Rémy Jean (LCR) : CONTINUER AVEC JOSE SANS HESITATIONS NI RESERVES !

Si, comme nous l’espérons, l’obstacle des parrainages est franchi le 16 mars, la seule option envisageable sera de jeter toutes nos forces dans la campagne pour obtenir le meilleur résultat possible.
Cette campagne, jusqu’ici, n’a pas été parfaite – comment l’aurait-elle été dans les conditions d’improvisation où elle a été lancée ? – mais elle est le seul moyen dont dispose le courant unitaire de la gauche antilibérale pour peser ici et maintenant sur le cours des choses.

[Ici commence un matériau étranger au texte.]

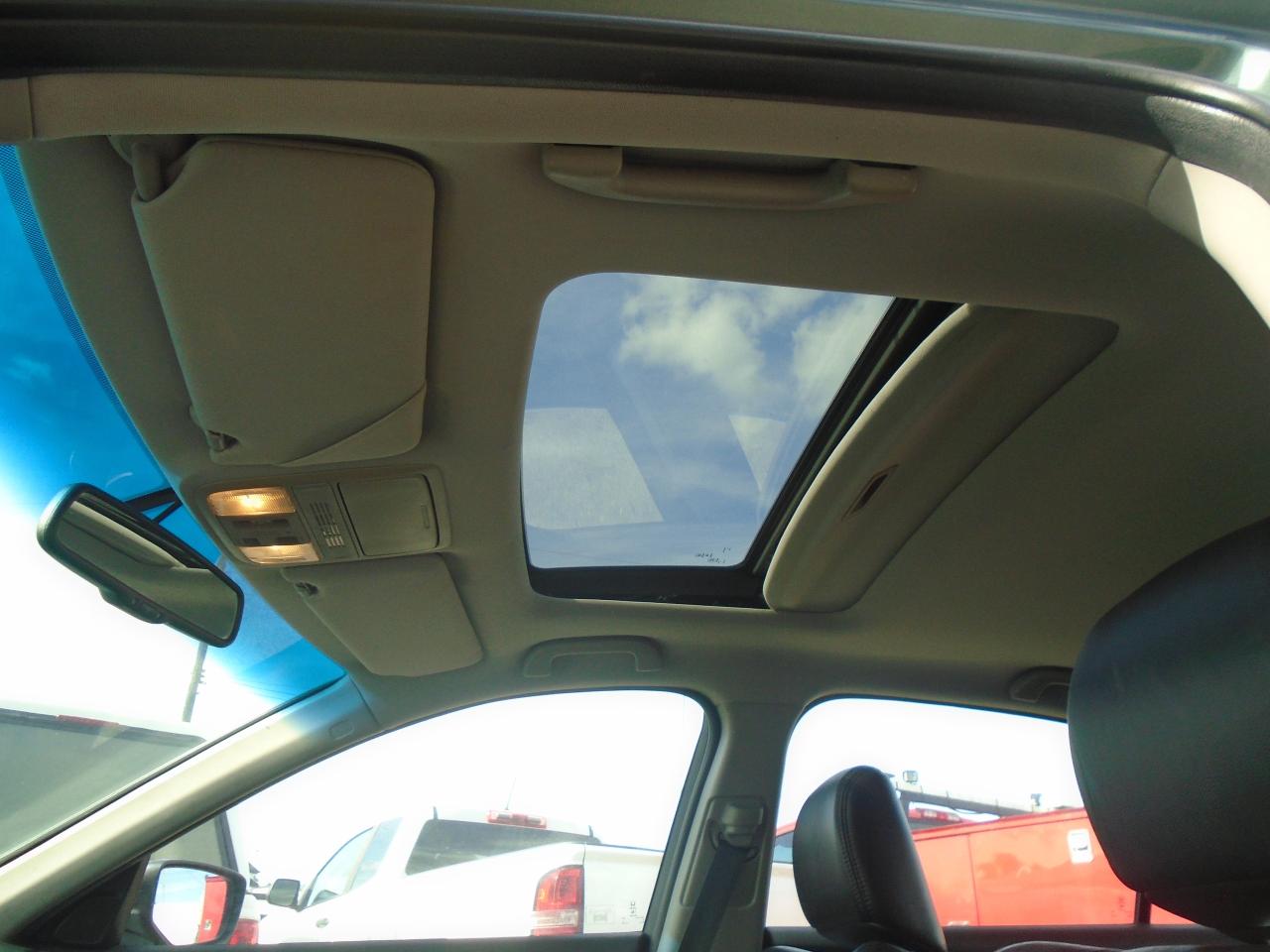 2008 Honda Accord 4dr I4 Auto EX-L - Photo #10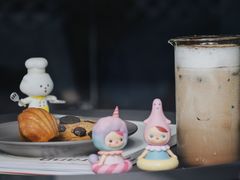 -NokNok Coffee(宽窄巷子店)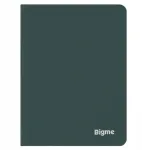 &bdquo;Bigme&ldquo; BIGME B6 kott, roheline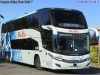 Marcopolo Paradiso New G7 1800DD / Mercedes Benz O-500RSD-2441 BlueTec5 / Buses Bio Bio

Certes, nous n’avons pas réussi à enrayer la mécanique de la division. Le PCF et la LCR sont restés sourds et aveugles à nos appels à l’unité. En particulier à l’appel lancé par les collectifs les 20 et 21 janvier. Nous n’avons pas obtenu le retrait des candidatures Buffet et Besancenot et c’est évidemment un échec. Mais c’est un échec dont nous ne portons aucune responsabilité et qui est entièrement imputable au PCF et à la LCR.

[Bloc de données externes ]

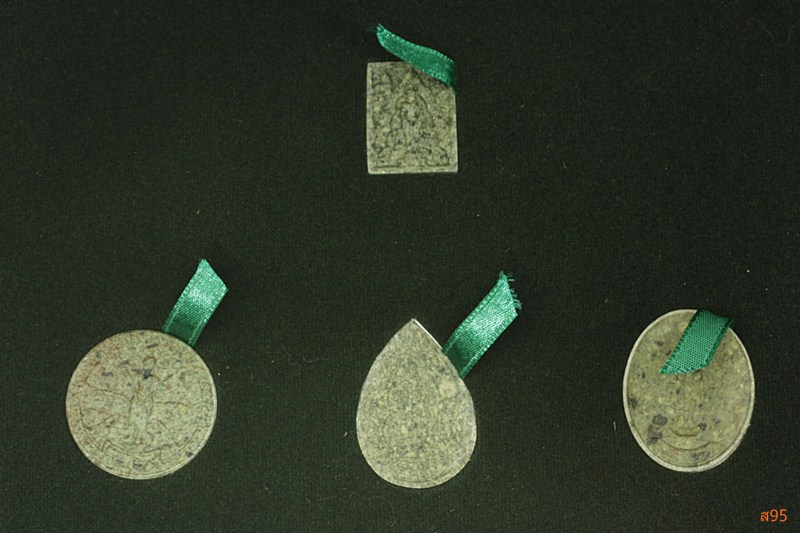 พระชุดพระใหญ่ชัยภูมิ อ.เมือง จ.ชัยภูมิ ทหารบกสร้าง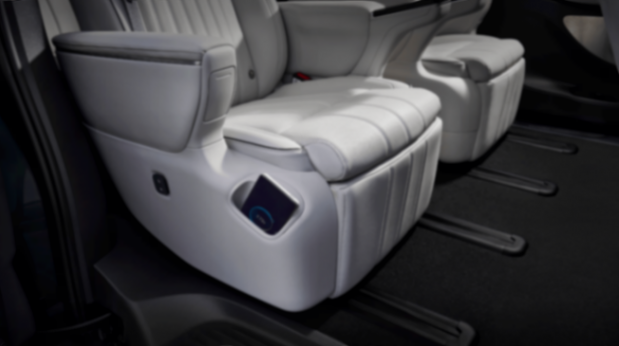 MPV“三無產品”是怎樣打敗GL8的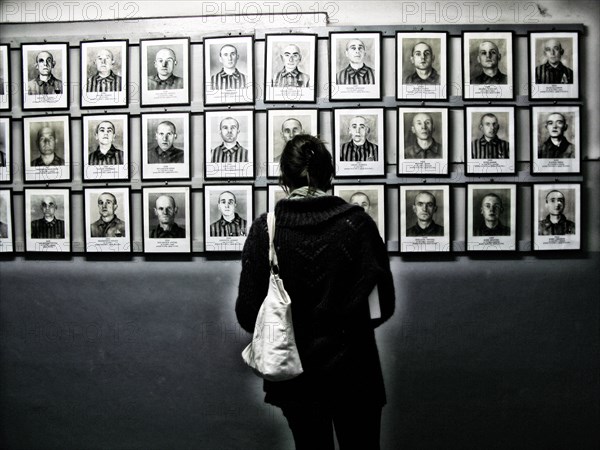 Camp d'Auschwitz-Birkenau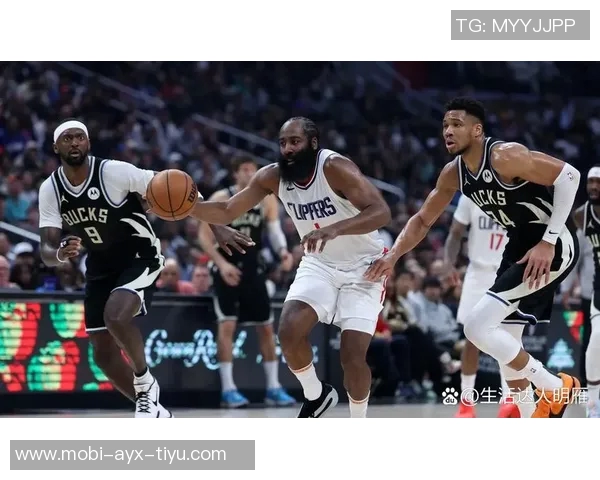 今日客场挑战尼克斯泰伦卢确认哈登将参加比赛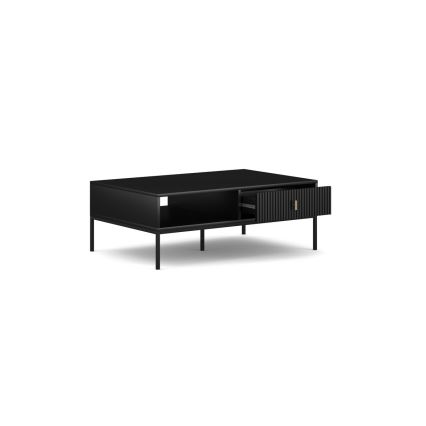 Mesa de centro SUE negra
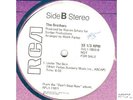 THE BROTHERS Under The Skin RCA Promo 12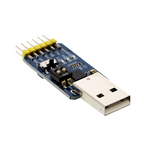 CP2102 ontwikkelboard - ondersteunt USB, TLL, RS232, RS485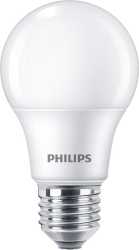 LED Lampe CorePro LEDbulb ND 8-60W A60 E27 827 806lm 2700K 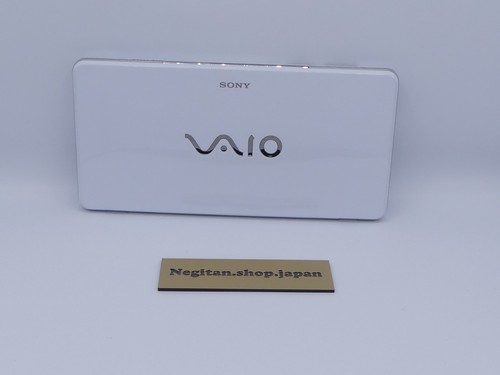 Sony vaio type vgn - vaio, p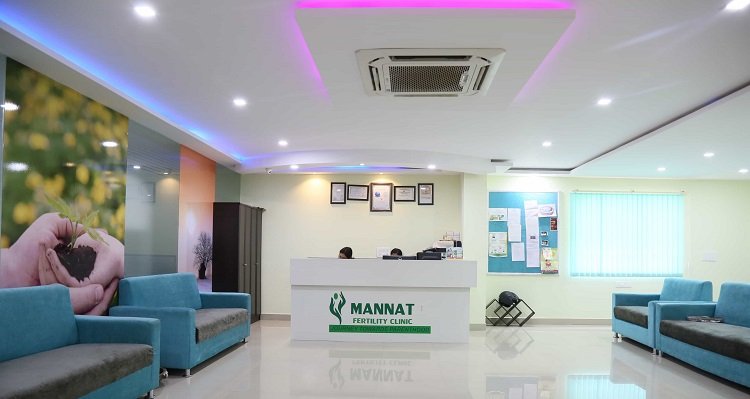 Mannat Fertility Clinic (Fertility clinic in Bengaluru, Karnataka)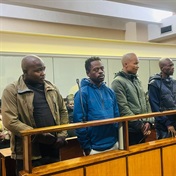  Investigating officer links 5 men to extortion plot in Durban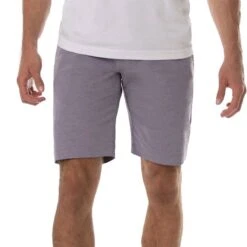 TravisMathew Men&apos;s Switchbacks Shorts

Tirer argument de l’absence d’unité pour suggérer que la candidature Bové n’a plus de raison d’être ou - pire encore - qu’elle aggraverait la division, reviendrait non seulement à dédouaner les responsables de cette division, mais aussi finalement à leur attribuer une prime pour leur choix de cavalier seul.
Il faut le dire et le redire : la candidature de José n’est pas une candidature de plus. C’est la seule candidature porteuse de l’exigence unitaire et c’est, surtout, la seule candidature qui préfigure cette unité par la multiplicité des sensibilités qui la soutiennent. Alors que, à l’inverse, les candidatures Buffet et Besancenot ne rassemblent même pas la totalité de leurs propres partis. Le courant unitaire de la gauche antilibérale n’a donc aucune raison de s’effacer devant les fauteurs de division. Au contraire, il doit tout faire pour les devancer le 22 avril prochain.
Car, bien que nous n’ayons pas réussi à vaincre la division, le bilan de la première phase de la campagne est largement (pour ne pas dire globalement) positif. La dynamique militante est indéniable. Elle est incomparablement supérieure à celle des candidatures MGB et OB. Des milliers de militants de toutes sensibilités, de toutes origines et de toutes générations convergent autour de cette candidature pour faire vivre sur le terrain une campagne totalement inédite. Nombre d’entre eux s’engagent pour la première fois en politique. Avec enthousiasme. Songeons que la candidature de José n’a été lancée que le 1er février et mesurons le chemin parcouru en un mois et demi sans moyens et sans organisation préexistante. Mesurons bien aussi que c’est la première fois sous la Vème République qu’une candidature, portée par la seule volonté collective de militants et de citoyens de base, émerge et s’impose en si peu de temps sur la scène politique. C’est à soi seul un évènement politique considérable et porteur de grandes promesses pour l’avenir.
Cet évènement politique peut être, si nous le voulons, le point de départ d’une refondation unitaire de la gauche antilibérale. Et c’est dans cette perspective qu’il est indispensable que la candidature de José aille jusqu’au bout.
Bien sûr, il est nécessaire de procéder à quelques corrections de trajectoire politiques et organisationnelles, de mieux assurer la cohérence globale de la campagne, de mieux faire ressortir ses axes principaux de mieux concilier rigueur organisationnelle et inventivité. C’est notre responsabilité collective et il faut immédiatement progresser dans ce sens (en s’appuyant notamment au plan politique sur l’excellent contenu du bouquin « Candidat rebelle »). Mais nous devons être totalement déterminés à continuer ensemble avec José.
Nos objectifs électoraux ne sont pas ceux qu’une candidature unitaire de toute la gauche aurait pu se fixer. La division de ce camp et le syndrome du 21 avril 2002 jouent et joueront incontestablement en notre défaveur. Mais tout ceux qui se sont engagés dans la campagne ont pu constater l’impact et l’écho de la candidature sur le terrain et en particulier dans l’électorat le plus populaire. Nous pouvons d’ici le 22 avril transformer ce courant de sympathie en résultat électoral significatif si nous passons la vitesse supérieure le 19 mars. La véritable campagne commencera ce jour là. Il y a des millions d’indécis à convaincre. C’est vers eux qu’il faut maintenant se tourner.